How I stopped writing awesome code - jhovgaard
http://jhovgaard.net/how-i-stopped-writing-awesome-code

======
petercooper
Point 1 is about not writing unit tests and instead focusing on acceptance
tests since they can replicate the experience of the boss or customers who
might ultimately complaint to you. If they can't notice something's wrong,
hurrah!

I don't adhere to the philosophy, but there _is_ something to this _if_ you
refuse to do TDD or write unit tests. It's better than _nothing_ and it will
catch the most blatant issues if you replicate the user stories carefully.
It's what I call "minimum viable testing" (MVT!). However, among other
problems, it won't help at all with _refactoring_.. but I suspect a developer
who gives up on unit tests isn't one who's doing much refactoring or
structural work anyway? (Points 2 and 4 imply this.)

 _My personal result of doing all of this is productivity and better products.
I can't tell if I did it all wrong, and that's why I'm writing better code
now, but I truly believe that I'm not alone.
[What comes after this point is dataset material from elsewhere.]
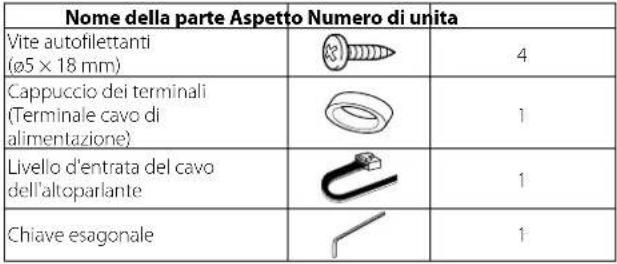 KENWOOD KAC-8452 - NOTA - 2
In fact I think that most of us
regular web developers, tend to do the same "mistakes" as I did._

There's room for argument over the meanings implied here, especially in
tossing up productivity vs code quality. Is ad hoc, spontaneously designed,
poorly tested code that's doing the job in production "better" than well
planned, well tested code that's still sitting around under development? It
could be yes or no, depending on your viewpoint, but it's important to
appreciate the nuances and the balance involved.

I'll note, however, that more developers than not _do_ develop in this way and
mostly do OK at it. While there's also a large group of developers who'll jump
up and down about architecture, clean code, TDD, and various other
philosophies (me included sometimes!) there's also a whole world out there
unfamiliar with such concepts and still putting together _passable_ software.
The key is knowing _when_ and _why_ certain things matter or are useful, and I
suspect the author of the article has been getting a feel for that and coming
to terms with what disciplines his sort of projects _really_ require (i.e. not
many).

------
herval
I'm by no means a "purist" regarding any specific practice - I agree you don't
HAVE TO test everything, write interfaces for everything and all in all write
"awesome" code. BUT:

\- how often do you interact with other programmers?

\- how long is the usual life span of your code (in other words, what's the
longest timespan you can expect to touch code you wrote in the past)?

\- how big is the app/system you work on?

Imho, this approach ONLY works if the answers to above points are "never", "a
few weeks max" and "very small"...

There's a time and place for every coding "style". Neither "TDD everytime" nor
"cowboy style forever" are the definite answer.

------
Estragon

      > You don't need armor and life, if you kill in one hit!
    

This is why the approach is working for you: you're doing simple stuff.